吉川 今年もいろいろとたいへんなことが起こっているけれど、最大の事件といえばやっぱりあれだよね。

山本 どれだろう……。

吉川 そりゃあもう、宮下志朗訳のモンテーニュ『エセー』完結だよ!

山本 それか!

吉川 この二〇一六年の春に最終巻の第七分冊が刊行されて。一二年かかったということで、まずはおつかれさまでしたと言いたい。ちなみに訳者の宮下さん、その間にラブレーも翻訳しているんだよ。

山本 すごい。ちくま文庫で出た『ガルガンチュアとパンタグリュエル』(二〇〇五〜二〇一二年)が全五巻。ガルガンチュアとパンタグリュエルといえば、かの伝説的人文主義者・渡辺一夫の翻訳がすでにあったわけで、そこにまた見事な新訳を並べてみせた。

吉川 うん。しかも同時にモンテーニュも訳していたというわけだから。モンテーニュとラブレーを合わせると全部で十二冊。

山本 さすがに宮下さんも感慨深かったようで、『エセー』最終巻の訳者あとがきでこの十二年間のことを振り返っていろいろ書いている。

吉川 今風にいえば、ちょっとエモい。興味深かったのが、ラブレーよりもモンテーニュのほうが難しかったとおっしゃっていること。ラブレーについてはもう最終答案にしてもいいかなという気持ちがあるけど、モンテーニュについてはとてもそんなふうには考えられないと。

山本 そうそう。おもしろいね。普通に考えたら、はちゃめちゃな内容で意味不明のラブレー語まで飛び出すラブレーのほうが難しいんじゃないかと思うけど。モンテーニュの文章の微妙な動きをとらえるのは、それとは別種の難しさがあるということなのかもしれない。

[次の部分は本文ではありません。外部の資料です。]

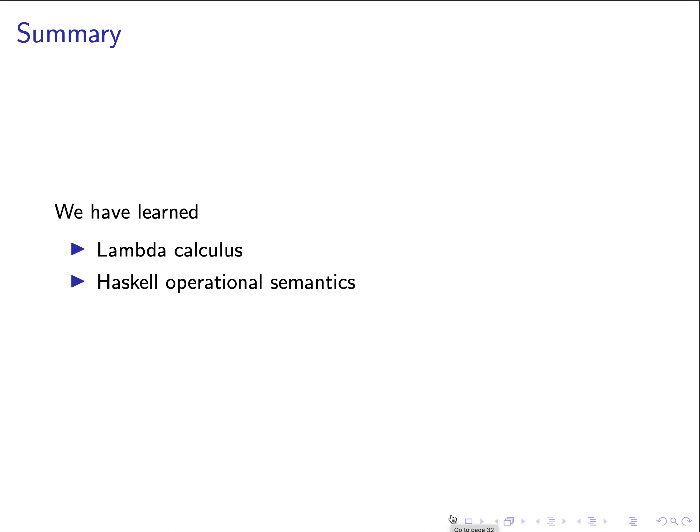And we also look into the Haskell operational semantics by extending lambda calculus to handle Haskell syntax such as pattern matchings and let binding as well as recursions. And some of the tricks that we're doing like using the Mule or even the fix operator are already handled for you by the Haskell compiler.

吉川 ところで、わたくしの趣味のひとつに、自動車の運転中に特段の目的もなく放送大学のラジオ放送を聴くというものがありまして。

山本 ほう、伺いましょう。

吉川 ある日、めちゃくちゃいい声に乗って、めちゃくちゃおもしろい話が流れてきたんだよ。これはいったい誰なんだと注意深く聴いていたら、この宮下志朗先生の講義だった。

山本 へえ。

吉川 もうね、驚きの美声と名調子。みなさんもぜひ放送大学をお聴きください。

山本 突然の放送大学推し。

吉川 で、この新訳『エセー』なんだけど、底本が「ボルドー本」じゃないんだよね。

山本 ちょっと補足するとモンテーニュという人は、自分の本に山ほど書き込みをしたんだよね。そうした本人の訂正・削除・増補をもとにつくったのがボルドー本と呼ばれていた。二〇世紀のモンテーニュ研究ではこれが決定版とされてきたし、既存の邦訳もほとんどこれを底本にしている。

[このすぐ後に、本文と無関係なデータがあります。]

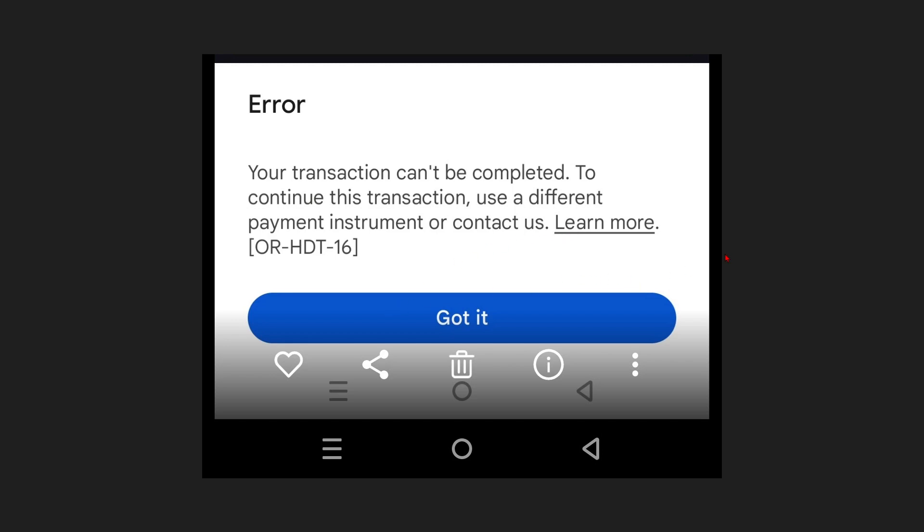Hey guys, in this video I'm going to show you how to fix Google Play error code OR-HDT-16. If you find this video helpful, please consider liking this video and subscribing to my channel. Let's jump straight into the video.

吉川 そこに一五九五年版という、モンテーニュの死後に出版されたヴァージョンをぶっ込んできた。

山本 事件というわけだね。

吉川 どれを『エセー』の決定版にするかというのは、ほかの古典についてと同様に文献学上の争点がいろいろとあって難しい問題ではある。でも、今回の新訳『エセー』には、少なくとも読者であるわれわれにとっては重大な意義がある。なにより大事なことは、パスカルやラシーヌが読んだ『エセー』も、この一五九五年版だったということ。われわれも彼らと同じ『エセー』が読めるということになる。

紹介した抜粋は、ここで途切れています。